# Salt Lake City



## Dancer (Dec 8, 2004)

Hi,

I'll be attending a meeting at the University of Utah in August, staying at the University Guest House. I plan on bringing my bike and was looking for some scenic, safe rides that weren't too long. Would a ride up Emigration Canyon Road fit the bill?

Dancer


----------



## kgg (Apr 28, 2003)

That is a very popular route around here. From the Guest House it'll be about 19 miles round trip, with about 1400 feet of climbing. It's not very scenic until you reach the turnaround at the top of the canyon - then the views are very nice. You can also keep going if you want a longer ride (continue down, and turn left for Big Mt. Pass, another 1700 feet up, or so.) 

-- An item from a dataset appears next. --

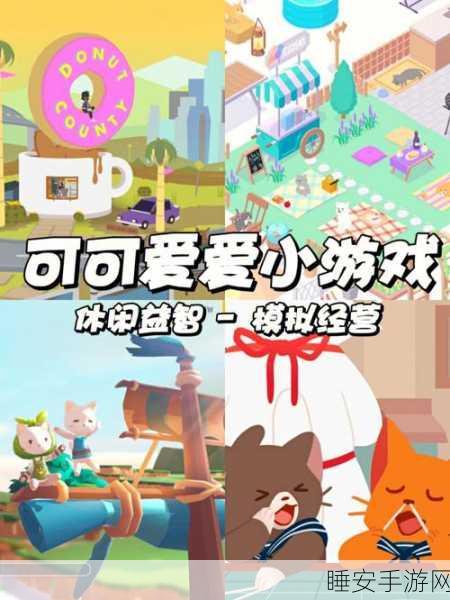 狠人布娃娃安卓版下载_休闲向的娱乐小游戏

It's not a superwide road, though there is a bike lane for some of it. However, drivers are generally used to seeing cyclists. Depending on the time and day you may see a half dozen other cyclists, or several dozen.

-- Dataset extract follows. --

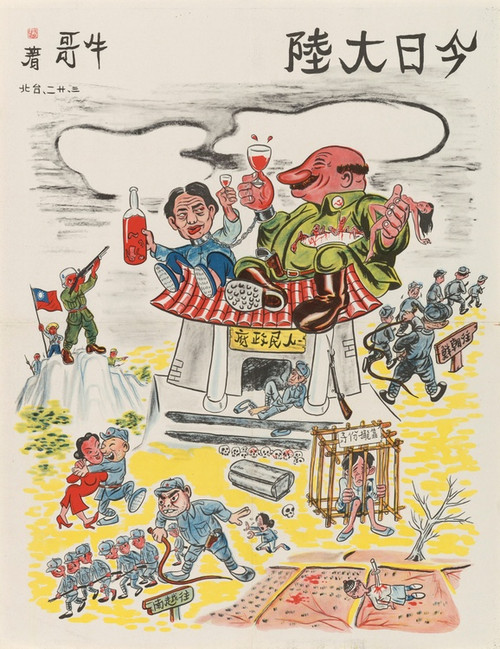 Digital Print - China Mainland Today by U.S. Information Agency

If you have a mountain bike, I'd opt for that instead. The Bonneville Shoreline Trail is about 3 minutes from your door, and it's extremely scenic. It takes you above the city and you can look over the valley to the South, out over the Lake to the West, and at the Wasatch to the East. I often see critters - most often snakes, sometimes Tarantulas, deer, or an occasional coyote.


----------



## Dancer (Dec 8, 2004)

Thank you!

Dancer



kgg said:


> That is a very popular route around here. From the Guest House it'll be about 19 miles round trip, with about 1400 feet of climbing. It's not very scenic until you reach the turnaround at the top of the canyon - then the views are very nice. You can also keep going if you want a longer ride (continue down, and turn left for Big Mt. Pass, another 1700 feet up, or so.)
> 
> It's not a superwide road, though there is a bike lane for some of it. However, drivers are generally used to seeing cyclists. Depending on the time and day you may see a half dozen other cyclists, or several dozen.
> 
> If you have a mountain bike, I'd opt for that instead. The Bonneville Shoreline Trail is about 3 minutes from your door, and it's extremely scenic. It takes you above the city and you can look over the valley to the South, out over the Lake to the West, and at the Wasatch to the East. I often see critters - most often snakes, sometimes Tarantulas, deer, or an occasional coyote.


----------



## cbass94 (May 19, 2004)

I'll just add my two cents into what has already been said. If you only have time for one ride, Emigration and the Boneville Shoreline trail are your best bets for road and mtn respectively. However, they just started some construction on Emigration canyon road which is kind of a pain. It's nothing major yet but I don't know what they have planned or when it will wrap up. If you still want a nice road ride without the construction, Millcreek canyon is a nice ride also. It's about 5 miles south of Emigration canyon so it's a little further away, but offers great views. IIRC, it's just under 10 miles to the top from the bottom, but it's a pretty steep climb most of the way until the last 2 miles, then it drops downhill to the end of the road. Anyway, here's my website that I am actually in the process of putting together right now. It has some good info on it about the area, post if you have questions! or you can email me 

bradleeduncan AT gmail DOT com 

www.intermountaincycling.com

Also, you said you didn't want something too long, the boneville shoreline trail turns into pavement on the south side of Emigration Canyon road (but before you enter the canyon itself) and it just follows the edge of the valley (rolling hills is all you have to worry about) for almost as long as you want to take it. That gets rid of any hard climbing but still lets you have the views. Just another option. 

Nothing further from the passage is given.